Il est donc à lui-seul tout un cosmos.
De plus, comme doit l'être un univers en bon état de marche “physique” (au sens scientifique du terme), il est constitué
d'éléments antagonistes propres à provoquer, toujours physiquement parlant, une formidable production d'énergie (qui
s'exprime comme nous l'avons vu par le mouvement).
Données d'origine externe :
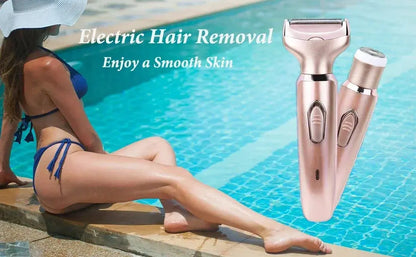 2 In 1 portable Electric Haircut Trimmer epilator woman facial intimate area for body hair removal Sex Shaver Bikini Pubic Rosor Makeup art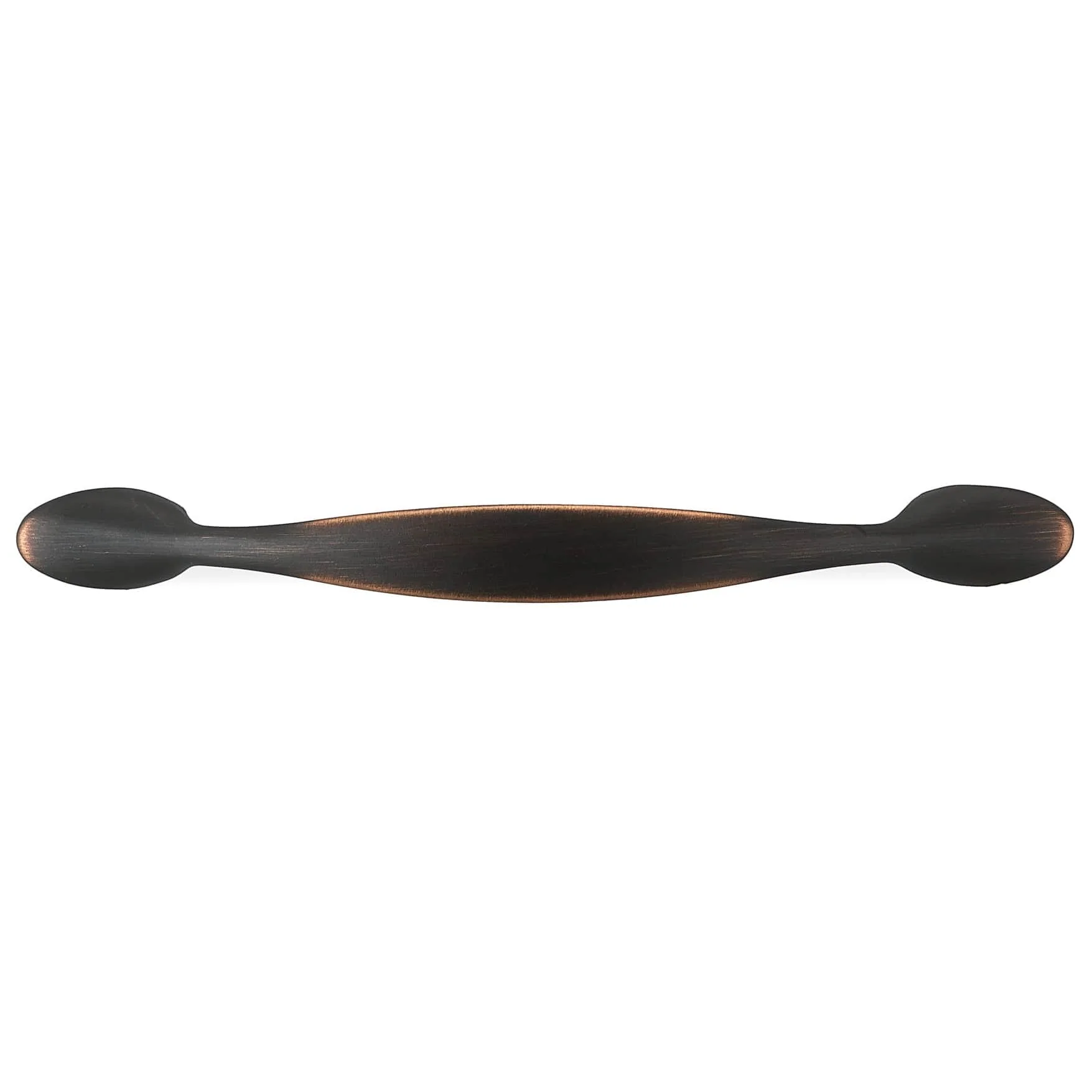 Traditional Arched Bow Pull with Flared Base - 3-3/4" Center-to-Center - 4-29/32" OL - Brushed Oil-Rubbed Bronze - Image 2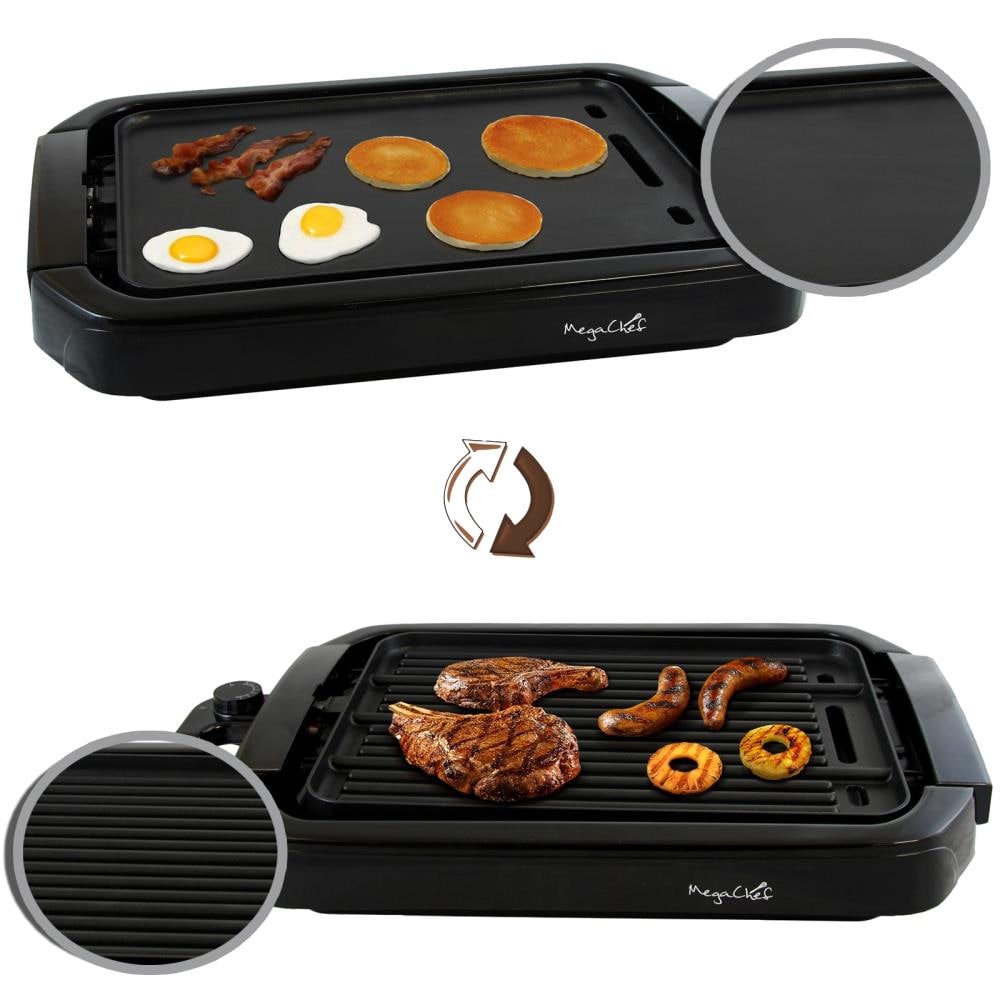 George Foreman Open Grate Smokeless 16.34-in L x 11.22-in W Non-Stick  Residential in the Indoor Grills department at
En effet, il est une véritable alliance des contraires :
- il portait avec tant d'élégance tant de poids accumulé (p.38)
-Il est à la conjonction de deux univers, l'univers de la faune et de la flore, mi-arbre, mi-animal : il contenait autant
d'oiseaux et de mouches que de feuilles (p.38)
- Il contient à la fois le prédateur et la proie (oiseaux et insectes, comme déjà cité en I.a)
- Il contient à la fois l'eau et le feu (jaillissement /brasier)
En outre, il est constitué par les quatre éléments originels : l'air (notamment à cause du vol permanent des êtres ailés et
de termes plus spécifiques comme soufflait p38); la terre (enraciné, p.39); l'eau (éclaboussé, p38; jaillissements d'embruns, p.39); le feu (brasier).

Certaines expressions nous transportent même au coeur d'un univers en cours de formation, tant le texte insiste sur la maléabilité de cet arbre : pétri; charrué; bouleversé; il fumait; il soufflait (p.38); il crépitait comme un brasier; inlassablement repétri (p.39). Cet arbre semble être du magma en fusion comme à l'origine du monde.